### [Information shown]
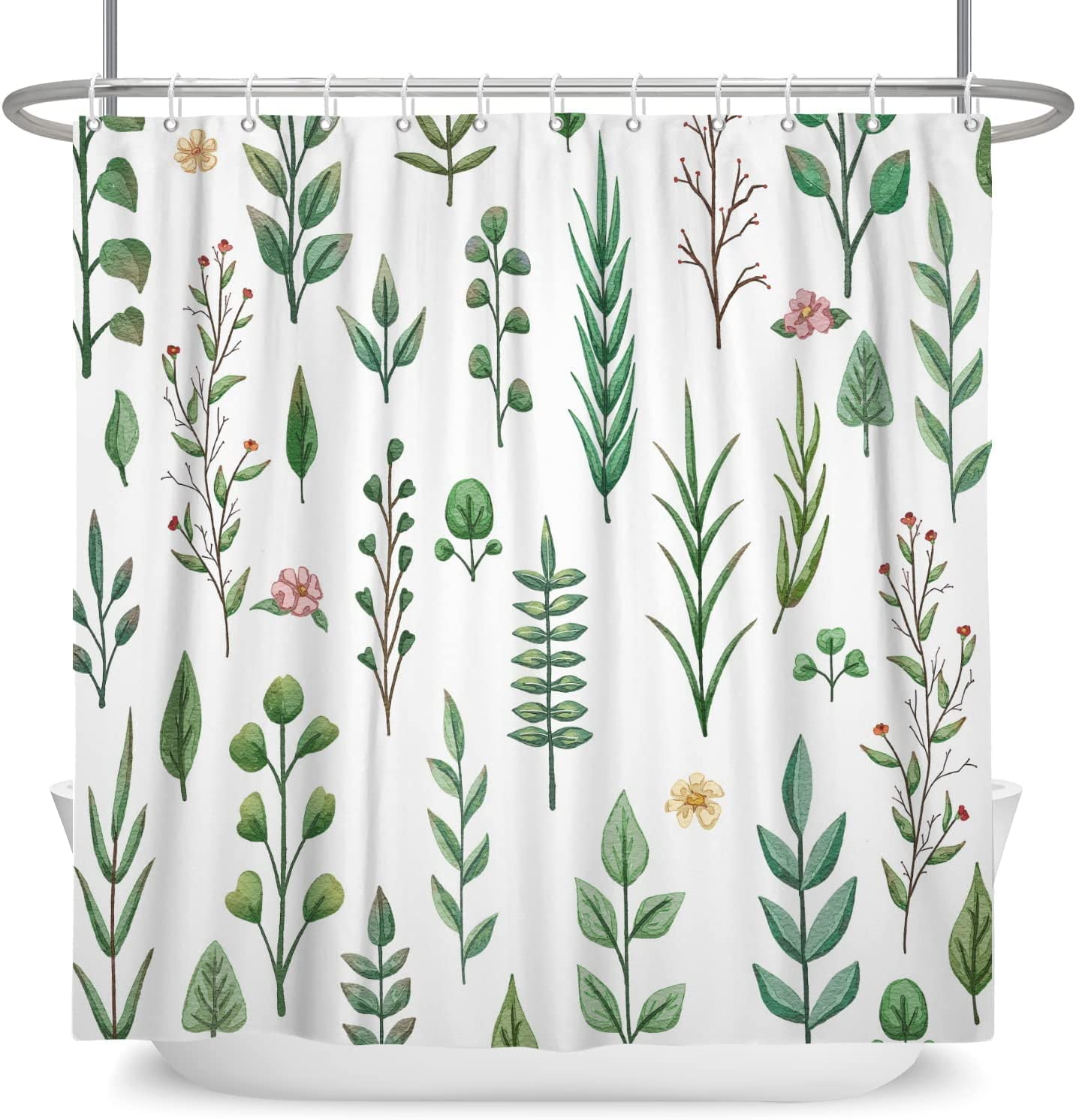 SPXUBZ Green Plant Shower Curtain Floral Leaf Watercolor Flower Stall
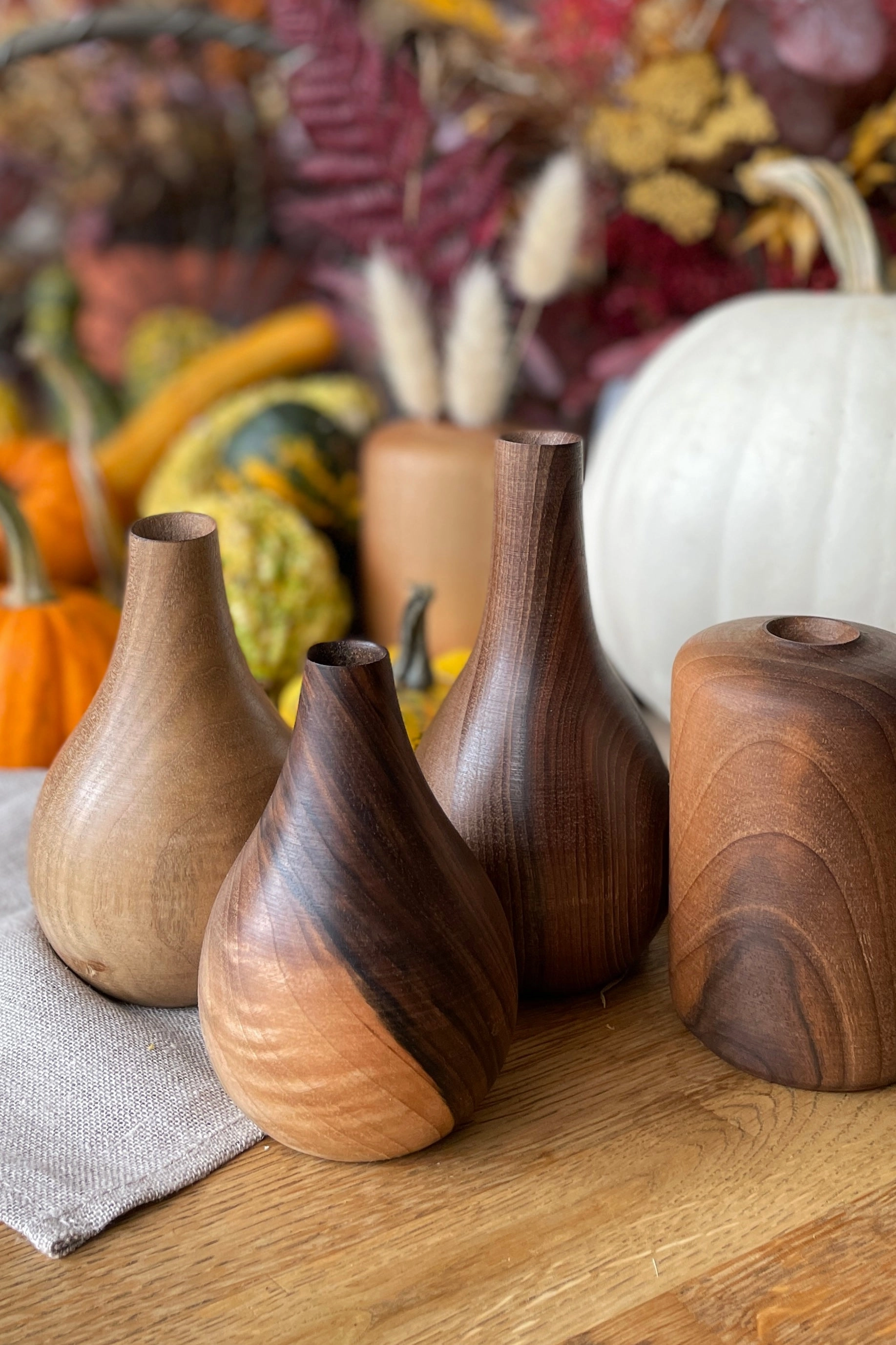 Nina Wood Vase Walnut Medium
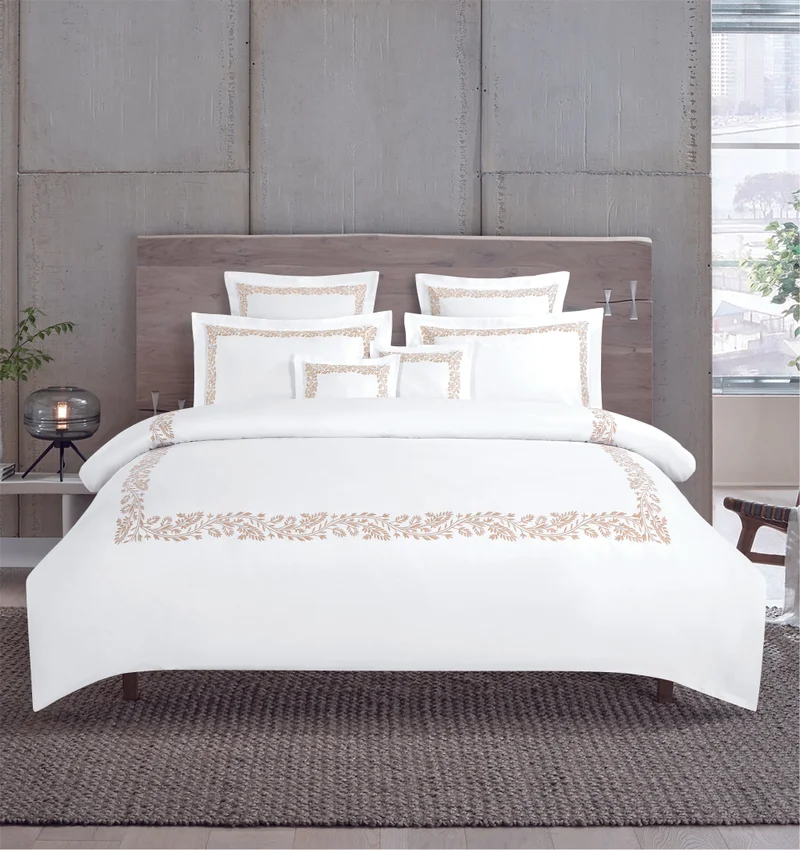 DWELL Dwell-Romano Embroiderd Duvet Cover Set-Duvet Cover - 260 x 240 CM, Fitted Sheet - 200 x 200 x 38 CM Pillow cases 50 x 80CM-White/Beige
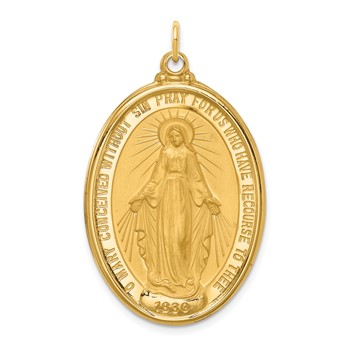 14k Polished and Satin Solid Extra Large Miraculous Medal Oval Pendant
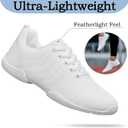 Girls White Cheerleading Shoes Lightweight Competition Tennis Shoes Women Hip Hop Gymnastics Dance Sneakers (9.5 Toddler)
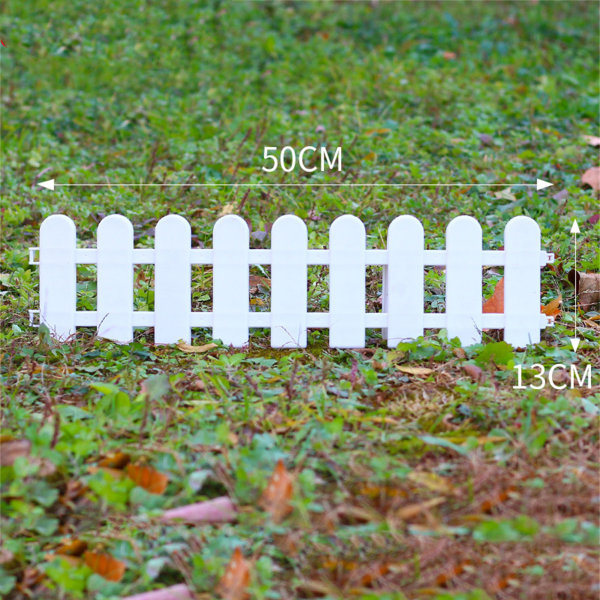 Vita kanter Trädgårdsstängsel Prydnadsgräs Gräsmatta Blomrabatter Växtkanter för inomhus- och utomhusvillor 50×13 cm / 19,7x5,1in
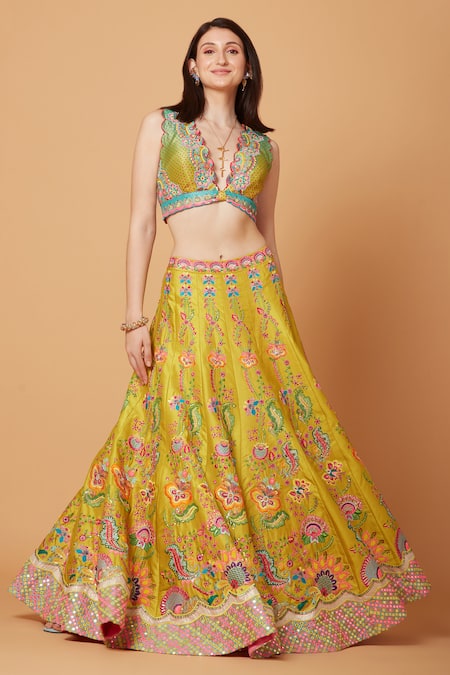 Buy_Siddhartha Bansal_Yellow Silk, Net, Denim Beads, Fresh Gardenia Embroidered Lehenga Blouse Set _Online_at_Aza_Fashions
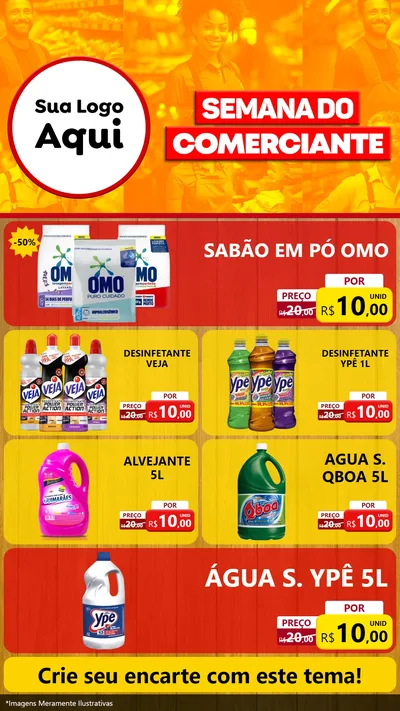 Modelo de TV para TV Vertical com o tema Semana do Comerciante para Produtos de Limpeza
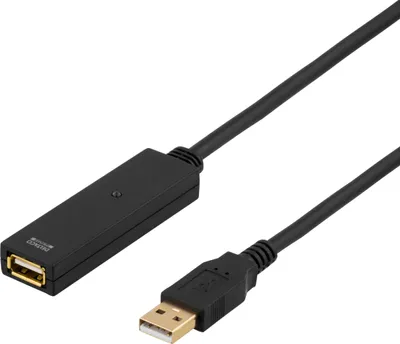Produktbild von Deltaco USB2-EX7M, 7 m, USB A, USB A, USB 2.0, Schwarz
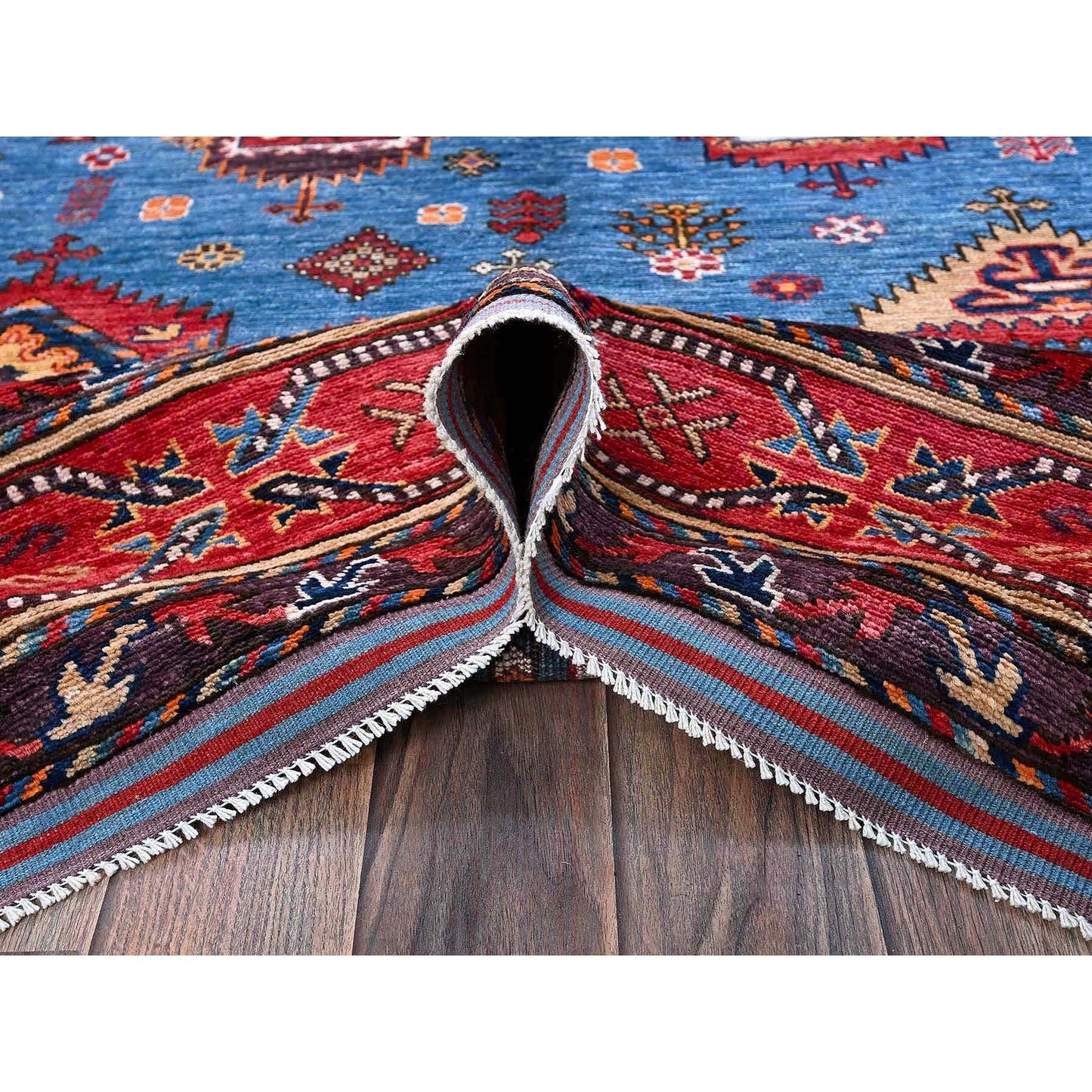 6'3"X9'1" Blue Afghan Caucasian Design Revival Hand Knotted Soft Wool Rug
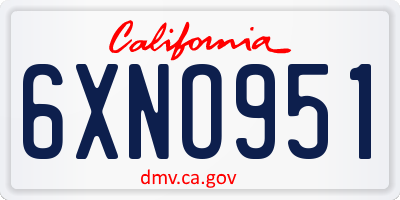 CA license plate 6XNO951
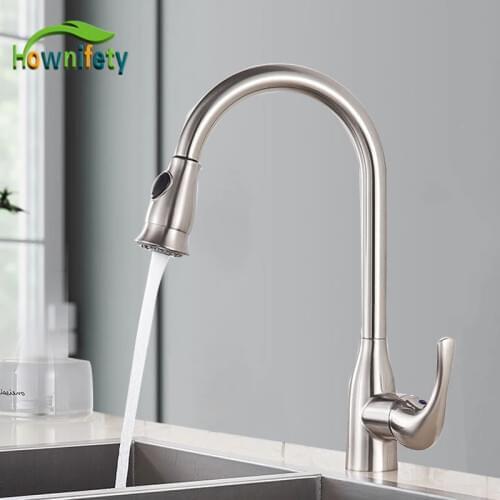 Brushed Nickel/ORB Pull Out Kitchen Faucets Deck Mount Hot Cold Mixer Crane Tap 360 Rotation Wash Faucet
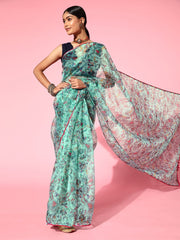 Women Green Printed Kalamkari Saree - Inddus.com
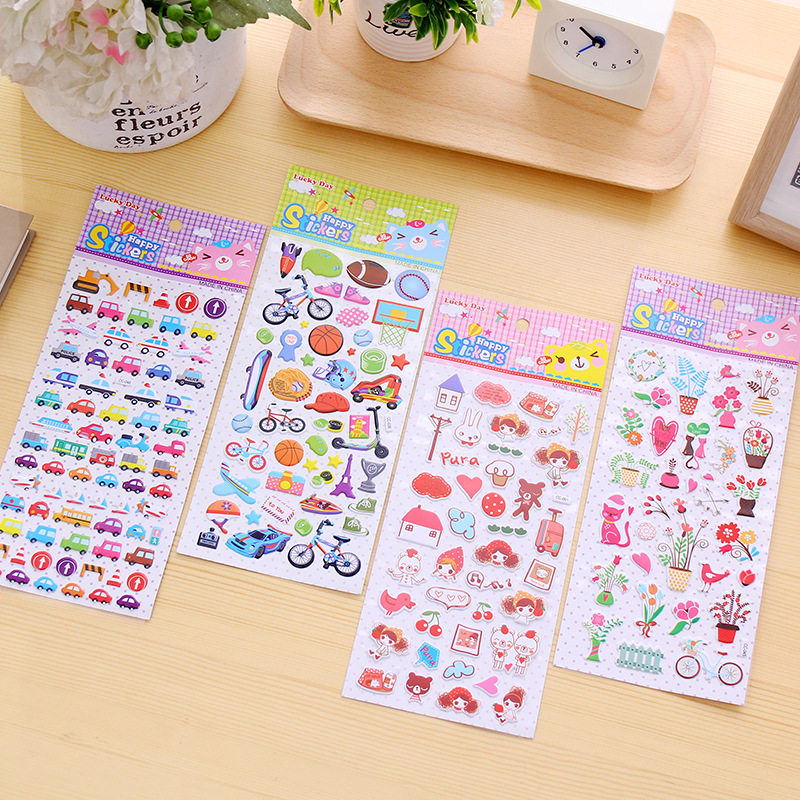 Hình dán sticker 3d nổi Happy mẫu NGẪU NHIÊN cute cho bé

### [The task]
Word for word, print every record, and leave out any picture.

### [Answer to the exercise]
 SPXUBZ Green Plant Shower Curtain Floral Leaf Watercolor Flower Stall
 Nina Wood Vase Walnut Medium
 DWELL Dwell-Romano Embroiderd Duvet Cover Set-Duvet Cover - 260 x 240 CM, Fitted Sheet - 200 x 200 x 38 CM Pillow cases 50 x 80CM-White/Beige
 14k Polished and Satin Solid Extra Large Miraculous Medal Oval Pendant
 Girls White Cheerleading Shoes Lightweight Competition Tennis Shoes Women Hip Hop Gymnastics Dance Sneakers (9.5 Toddler)
 Vita kanter Trädgårdsstängsel Prydnadsgräs Gräsmatta Blomrabatter Växtkanter för inomhus- och utomhusvillor 50×13 cm / 19,7x5,1in
 Buy_Siddhartha Bansal_Yellow Silk, Net, Denim Beads, Fresh Gardenia Embroidered Lehenga Blouse Set _Online_at_Aza_Fashions
 Modelo de TV para TV Vertical com o tema Semana do Comerciante para Produtos de Limpeza
Produktbild von Deltaco USB2-EX7M, 7 m, USB A, USB A, USB 2.0, Schwarz
 6'3"X9'1" Blue Afghan Caucasian Design Revival Hand Knotted Soft Wool Rug
 CA license plate 6XNO951
 Brushed Nickel/ORB Pull Out Kitchen Faucets Deck Mount Hot Cold Mixer Crane Tap 360 Rotation Wash Faucet
 Women Green Printed Kalamkari Saree - Inddus.com
 Hình dán sticker 3d nổi Happy mẫu NGẪU NHIÊN cute cho bé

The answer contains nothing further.